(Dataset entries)
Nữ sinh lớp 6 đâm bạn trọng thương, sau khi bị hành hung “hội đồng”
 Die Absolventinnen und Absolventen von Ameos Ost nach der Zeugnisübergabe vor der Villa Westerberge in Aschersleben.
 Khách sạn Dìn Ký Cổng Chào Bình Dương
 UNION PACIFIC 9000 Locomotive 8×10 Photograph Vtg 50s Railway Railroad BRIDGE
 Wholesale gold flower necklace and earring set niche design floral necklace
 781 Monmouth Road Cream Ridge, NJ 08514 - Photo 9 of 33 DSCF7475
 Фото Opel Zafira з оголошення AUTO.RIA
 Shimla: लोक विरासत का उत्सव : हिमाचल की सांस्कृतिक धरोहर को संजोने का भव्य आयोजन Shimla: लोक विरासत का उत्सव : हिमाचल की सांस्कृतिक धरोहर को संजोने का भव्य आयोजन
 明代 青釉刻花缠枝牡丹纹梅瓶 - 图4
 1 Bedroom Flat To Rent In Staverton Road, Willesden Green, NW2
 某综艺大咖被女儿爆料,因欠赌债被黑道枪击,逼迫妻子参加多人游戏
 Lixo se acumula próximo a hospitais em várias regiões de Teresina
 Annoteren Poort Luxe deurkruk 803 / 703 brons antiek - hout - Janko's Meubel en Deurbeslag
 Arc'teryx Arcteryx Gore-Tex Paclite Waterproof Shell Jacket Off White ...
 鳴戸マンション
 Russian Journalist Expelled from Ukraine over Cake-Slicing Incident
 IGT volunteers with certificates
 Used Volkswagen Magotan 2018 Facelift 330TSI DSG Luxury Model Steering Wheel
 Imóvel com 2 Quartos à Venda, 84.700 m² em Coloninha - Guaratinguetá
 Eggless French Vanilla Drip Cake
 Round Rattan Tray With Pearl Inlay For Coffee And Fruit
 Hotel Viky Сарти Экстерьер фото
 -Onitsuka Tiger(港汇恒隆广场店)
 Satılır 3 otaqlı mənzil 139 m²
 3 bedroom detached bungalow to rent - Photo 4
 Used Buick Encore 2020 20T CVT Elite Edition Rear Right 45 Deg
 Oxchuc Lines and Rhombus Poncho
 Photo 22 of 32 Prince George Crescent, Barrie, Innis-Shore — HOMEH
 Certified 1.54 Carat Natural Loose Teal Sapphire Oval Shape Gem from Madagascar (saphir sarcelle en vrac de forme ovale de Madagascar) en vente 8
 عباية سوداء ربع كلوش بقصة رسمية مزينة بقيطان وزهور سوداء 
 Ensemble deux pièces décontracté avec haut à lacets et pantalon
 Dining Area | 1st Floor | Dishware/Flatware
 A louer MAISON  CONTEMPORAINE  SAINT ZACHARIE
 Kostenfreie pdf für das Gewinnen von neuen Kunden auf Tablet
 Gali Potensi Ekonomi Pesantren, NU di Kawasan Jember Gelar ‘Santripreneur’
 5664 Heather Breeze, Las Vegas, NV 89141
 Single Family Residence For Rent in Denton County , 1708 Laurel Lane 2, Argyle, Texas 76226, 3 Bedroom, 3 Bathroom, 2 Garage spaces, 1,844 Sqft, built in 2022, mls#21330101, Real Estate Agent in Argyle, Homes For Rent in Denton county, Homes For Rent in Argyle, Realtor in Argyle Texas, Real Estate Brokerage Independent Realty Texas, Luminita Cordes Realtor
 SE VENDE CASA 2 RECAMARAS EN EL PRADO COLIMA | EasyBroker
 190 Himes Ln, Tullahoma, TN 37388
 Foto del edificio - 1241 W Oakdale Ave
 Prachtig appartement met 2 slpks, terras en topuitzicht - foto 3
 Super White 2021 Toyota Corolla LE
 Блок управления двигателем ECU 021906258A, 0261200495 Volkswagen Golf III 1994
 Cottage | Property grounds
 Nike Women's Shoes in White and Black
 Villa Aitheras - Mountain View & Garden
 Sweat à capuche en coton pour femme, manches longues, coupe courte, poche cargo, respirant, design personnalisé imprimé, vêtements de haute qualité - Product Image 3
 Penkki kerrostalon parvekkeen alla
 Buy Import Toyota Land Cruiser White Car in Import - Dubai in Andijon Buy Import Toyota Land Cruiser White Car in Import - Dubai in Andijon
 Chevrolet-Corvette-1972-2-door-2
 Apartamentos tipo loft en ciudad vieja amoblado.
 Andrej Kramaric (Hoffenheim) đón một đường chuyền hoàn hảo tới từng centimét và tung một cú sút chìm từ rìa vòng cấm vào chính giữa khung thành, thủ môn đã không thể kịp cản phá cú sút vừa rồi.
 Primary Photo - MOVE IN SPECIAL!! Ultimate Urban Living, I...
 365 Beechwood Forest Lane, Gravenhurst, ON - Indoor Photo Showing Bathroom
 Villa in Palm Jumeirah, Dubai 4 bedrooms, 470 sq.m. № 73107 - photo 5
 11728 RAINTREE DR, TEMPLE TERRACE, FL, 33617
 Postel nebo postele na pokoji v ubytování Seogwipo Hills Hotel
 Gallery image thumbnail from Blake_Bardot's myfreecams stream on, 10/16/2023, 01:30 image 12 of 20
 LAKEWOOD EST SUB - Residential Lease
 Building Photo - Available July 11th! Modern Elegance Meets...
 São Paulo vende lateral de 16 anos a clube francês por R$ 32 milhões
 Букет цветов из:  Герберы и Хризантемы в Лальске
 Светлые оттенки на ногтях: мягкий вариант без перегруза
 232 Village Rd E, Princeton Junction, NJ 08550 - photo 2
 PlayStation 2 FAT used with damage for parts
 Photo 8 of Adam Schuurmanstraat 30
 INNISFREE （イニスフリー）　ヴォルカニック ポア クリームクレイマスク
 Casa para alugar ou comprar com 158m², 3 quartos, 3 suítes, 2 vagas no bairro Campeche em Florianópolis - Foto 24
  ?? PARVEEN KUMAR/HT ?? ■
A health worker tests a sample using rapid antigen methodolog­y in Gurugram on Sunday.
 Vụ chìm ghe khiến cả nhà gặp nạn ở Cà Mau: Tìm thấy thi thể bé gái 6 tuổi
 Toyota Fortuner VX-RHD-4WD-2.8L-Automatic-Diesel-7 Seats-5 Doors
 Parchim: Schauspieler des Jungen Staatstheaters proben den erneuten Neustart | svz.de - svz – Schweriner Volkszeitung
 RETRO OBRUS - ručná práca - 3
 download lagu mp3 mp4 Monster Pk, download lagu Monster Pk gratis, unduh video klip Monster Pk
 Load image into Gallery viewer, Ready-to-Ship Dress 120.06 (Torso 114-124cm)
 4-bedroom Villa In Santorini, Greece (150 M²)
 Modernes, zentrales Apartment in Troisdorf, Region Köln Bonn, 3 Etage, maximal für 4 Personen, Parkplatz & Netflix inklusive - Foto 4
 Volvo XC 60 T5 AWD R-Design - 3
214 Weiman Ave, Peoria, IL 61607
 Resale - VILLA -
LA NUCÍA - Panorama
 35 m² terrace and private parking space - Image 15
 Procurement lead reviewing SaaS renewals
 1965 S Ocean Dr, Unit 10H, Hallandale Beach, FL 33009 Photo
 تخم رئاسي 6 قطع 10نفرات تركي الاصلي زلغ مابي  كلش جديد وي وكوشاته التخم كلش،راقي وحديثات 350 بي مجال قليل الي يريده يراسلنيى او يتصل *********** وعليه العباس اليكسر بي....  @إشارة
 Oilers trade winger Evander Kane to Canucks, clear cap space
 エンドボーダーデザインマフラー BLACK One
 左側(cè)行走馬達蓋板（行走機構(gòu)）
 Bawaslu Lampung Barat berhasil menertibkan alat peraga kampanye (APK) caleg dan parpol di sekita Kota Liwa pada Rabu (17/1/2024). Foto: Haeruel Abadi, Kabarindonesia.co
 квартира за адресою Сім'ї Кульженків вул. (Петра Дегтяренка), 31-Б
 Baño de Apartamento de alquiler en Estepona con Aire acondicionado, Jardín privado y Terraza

§ **REQUIRED WORK**: After locating the line with "in Andijon Buy" above, return that line and every later line through the one with "Apartamentos tipo loft", word for word and with nothing else.

§ **SOLUTION TO THIS PROBLEM**:
 Buy Import Toyota Land Cruiser White Car in Import - Dubai in Andijon Buy Import Toyota Land Cruiser White Car in Import - Dubai in Andijon
 Chevrolet-Corvette-1972-2-door-2
 Apartamentos tipo loft en ciudad vieja amoblado.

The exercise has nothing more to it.